In a judgment on December 2019, the court declared that the Heads of State and Government of ECOWAS are ‘vested with the competence to reduce the number and that the Decision of the ECOWAS Authority of Heads of State and Government taken at the 51st Summit in June 2017 is legal and effective.’

A three-man panel of the court held that it ‘has not established that the contested decision infringed any of Falana’s rights.

Justice Januaria Moreira Costa, who read the lead judgment, was of the view that “the decision in question was adopted, as a transitional act, in the framework of monitoring the functioning of Community institutions and achievement of ECOWAS objectives, until the amendment of the relevant Community Texts, as can be understood from the text of the Decision having binding effects.”

She rejected the plaintiff’s argument that the decision violated Articles 3, 6 and 15 of the Revised Treaty, affirming instead, that “the contested decision did not seek to amend Article 3 of the Protocol on the court, but merely to suspend temporarily, the effects of such Article by limiting the number of judges to five until the amendment of the Protocol is implemented.”

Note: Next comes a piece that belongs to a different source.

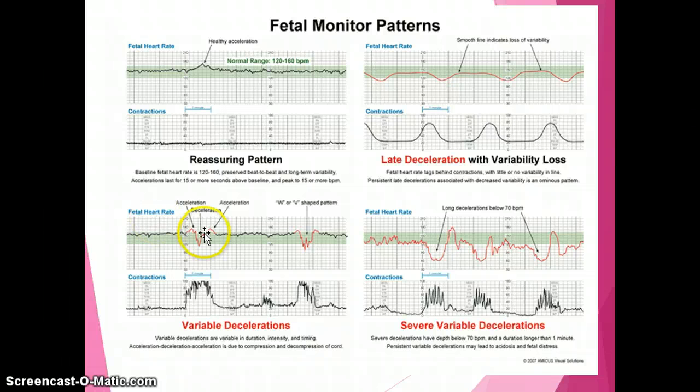When you see persistent late decelerations and decreased variability, it's very ominous — not great outcomes are associated with that. With variable decelerations, you still have variability bouncing up and down, but then you see these decelerations that are variable in duration, intensity, and timing. You'll see an acceleration, then a deceleration, then an acceleration — typically associated with cord compression or decompression of the baby's umbilical cord. You'll also see little bumps called shouldering on either side of the deceleration, like shoulders.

The court further noted that the decision was implemented at the end of tenure of the seven judges of the court in 2018 leading to the inauguration of five new judges in July 2018 and that the alleged congestion and undue delay in justice delivery were predictions of the plaintiff who did not establish/ prove any violation of rights.

Falana had, in the suit marked: ECW/CCJ/APP/32/18 filed on August 7, 2018, argued among others that the decision by the defendants- the Authority of Heads of States and Government and the Council of Ministers- to reduce the number of the judges of the ECOWAS Court was illegal as it contravened the provisions of Articles 3, 6 and 15 of the ECOWAS Revised Treaty and Article 3 of the Protocol on the Court among others.

Falana argued that the decision infringed on his right to fair hearing and access to justice resulting from an increase in pending cases before the court and delays in delivery of justice.